= Bell IP Holdings =

Intellectual property holding company for former Bell System brands

Bell IP Holdings is a joint venture of AT&T, Verizon Communications, Lumen Technologies, and Altafiber (or their respective subsidiaries) which owns the rights to the former Bell System logos and trademarks outside of the U.S. and Canada. It also administers a variety of related common assets such as the domain name bell.com.

In the United States, the aforementioned operating companies each own concurrent rights to the Bell trademarks. Bell Canada retained sole rights to the marks in that country after its spinoff from AT&T in 1975.

Bell IP Holdings was created as result of the sale of Bell Communications Research, Incorporated (Bellcore) to Science Applications International Corporation (SAIC) in 1996.
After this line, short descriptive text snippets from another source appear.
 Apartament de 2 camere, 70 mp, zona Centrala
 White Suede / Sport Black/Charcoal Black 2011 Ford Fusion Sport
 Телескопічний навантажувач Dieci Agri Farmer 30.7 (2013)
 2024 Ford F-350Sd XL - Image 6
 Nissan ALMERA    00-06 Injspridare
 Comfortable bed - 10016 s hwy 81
As a part of the court-ordered restructure of AT&T in 1984, the Bell Logo and Trademarks had been granted to Bellcore, to own and manage on behalf of the seven Regional Bell Operating Systems (RBOCs) and two of the smaller former Bell telecoms, centered in Cincinnati, Ohio and Hartford Connecticut.
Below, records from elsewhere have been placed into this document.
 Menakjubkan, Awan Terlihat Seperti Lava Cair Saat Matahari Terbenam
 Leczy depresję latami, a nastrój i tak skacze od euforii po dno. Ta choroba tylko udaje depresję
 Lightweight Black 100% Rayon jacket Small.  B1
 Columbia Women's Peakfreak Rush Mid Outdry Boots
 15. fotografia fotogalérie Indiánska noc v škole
The RBOC's determined that the sale of Bellcore to SAIC should be limited to the software and tangible property owned by the consortium, but that the ownership and related value of the Bell name and logo needed to remain with the sellers. Bell IP Holdings was created for the purpose of sustaining that ownership, and thereby preserving the Intellectual Property (IP) value for the Owner Companies (OCs) over time, despite the inevitability of subsequent sales, reallocations and reassignments of specific rights.